* YOUR OBJECTIVE:
Where the line containing "嗆聲「侯贏柯」送百萬 吳子嘉收到現金！當遺失物處理" appears below, begin there and reproduce each line exactly through the last one, omitting pictures.

* COLLECTED DATA:
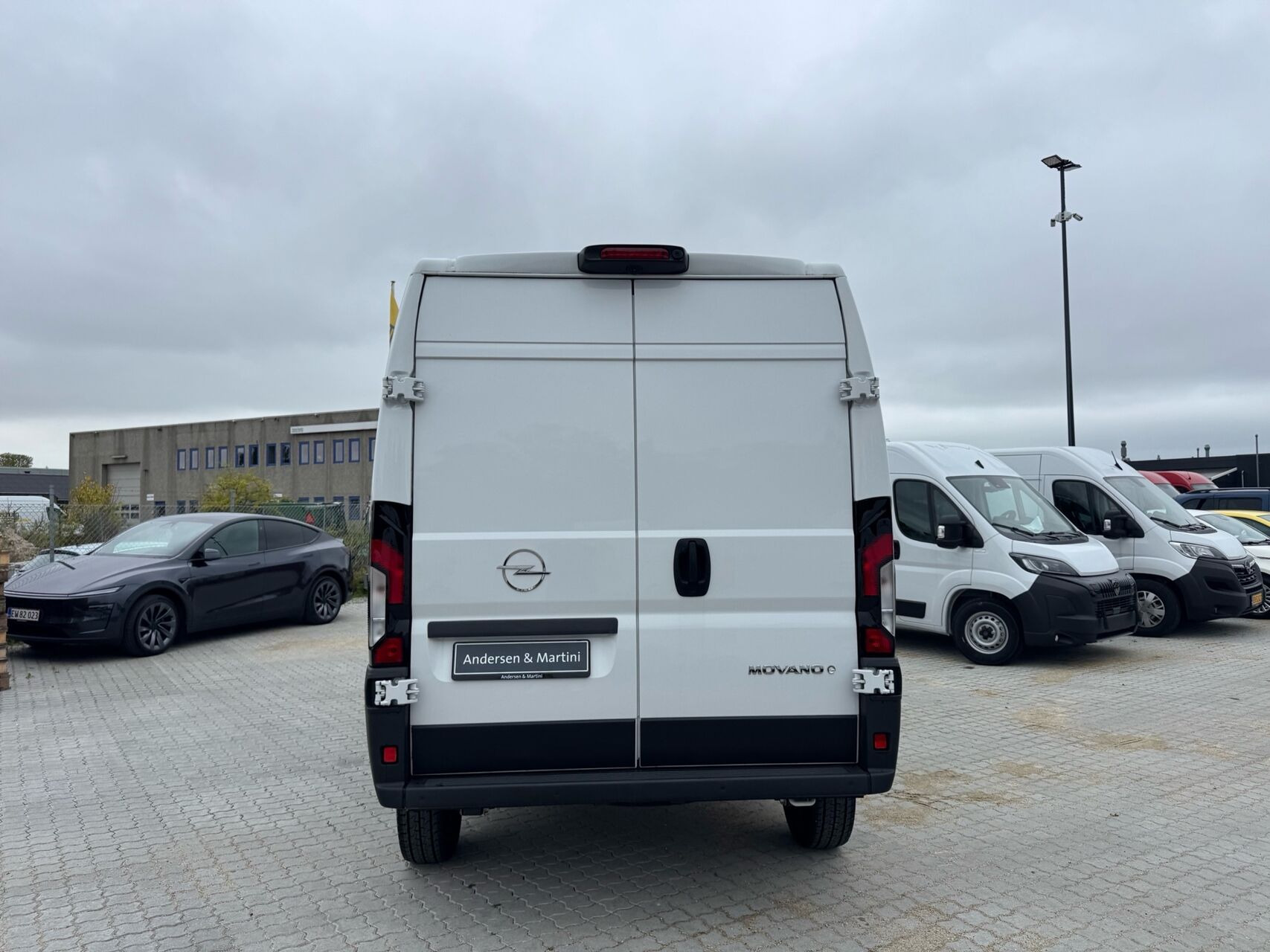 Hvid Opel Movano-e fra 2025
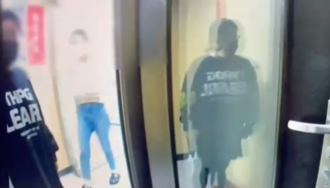 嗆聲「侯贏柯」送百萬 吳子嘉收到現金！當遺失物處理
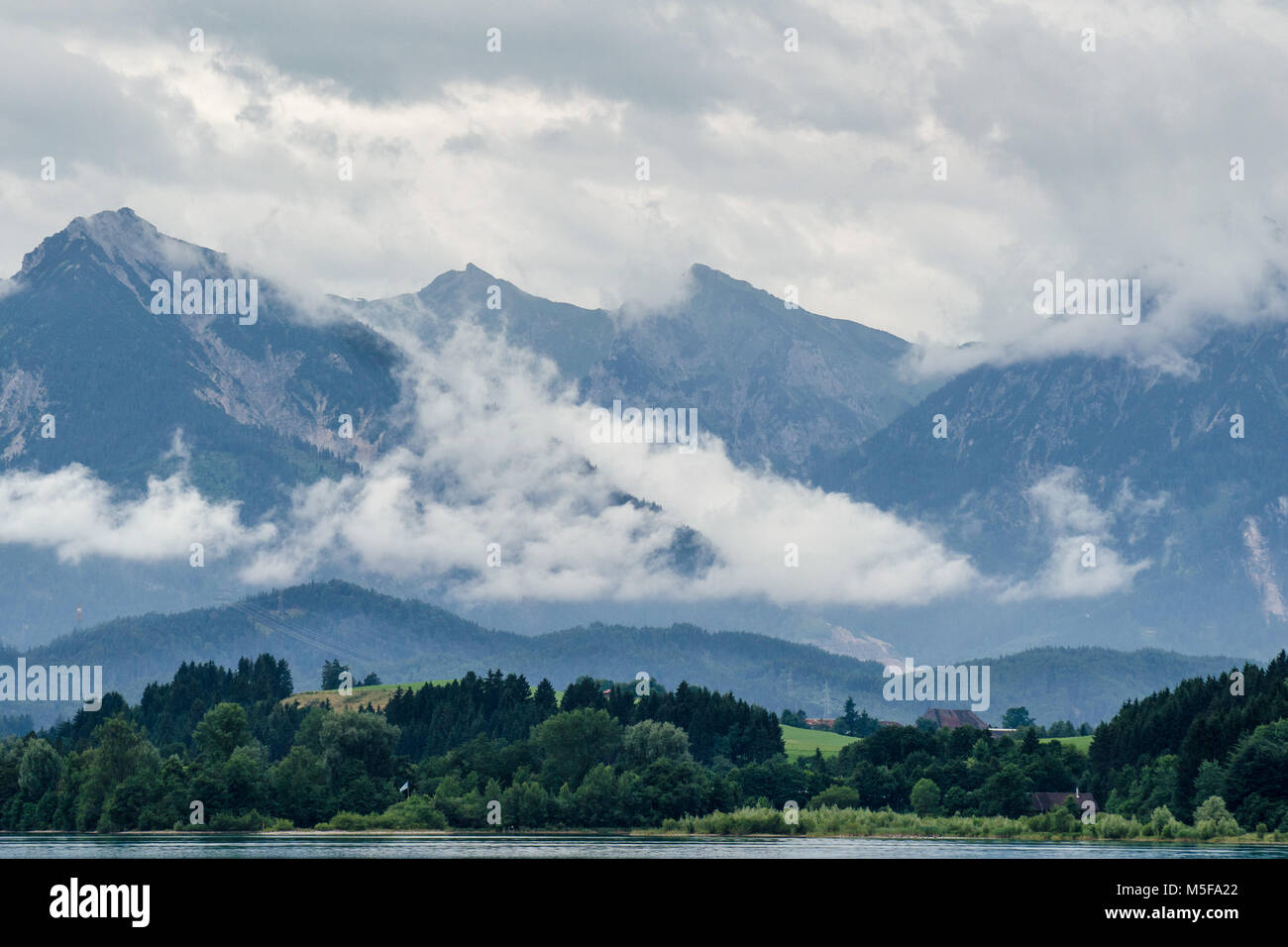 Bewölkt lansdscape der Europäischen Alpen Stockfoto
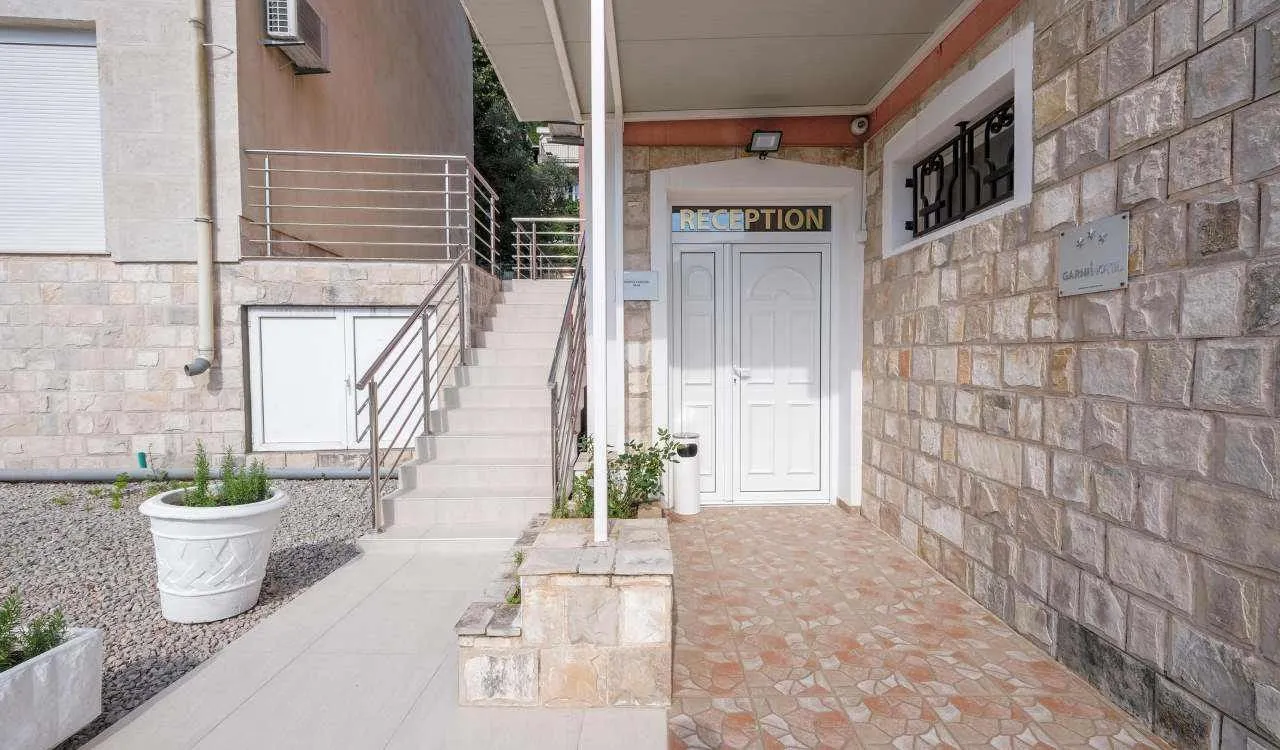 Prodaja, ugostiteljski objekat, 1256m², Podkošljun, Budva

* SOLUTION:
 嗆聲「侯贏柯」送百萬 吳子嘉收到現金！當遺失物處理
 Bewölkt lansdscape der Europäischen Alpen Stockfoto
 Prodaja, ugostiteljski objekat, 1256m², Podkošljun, Budva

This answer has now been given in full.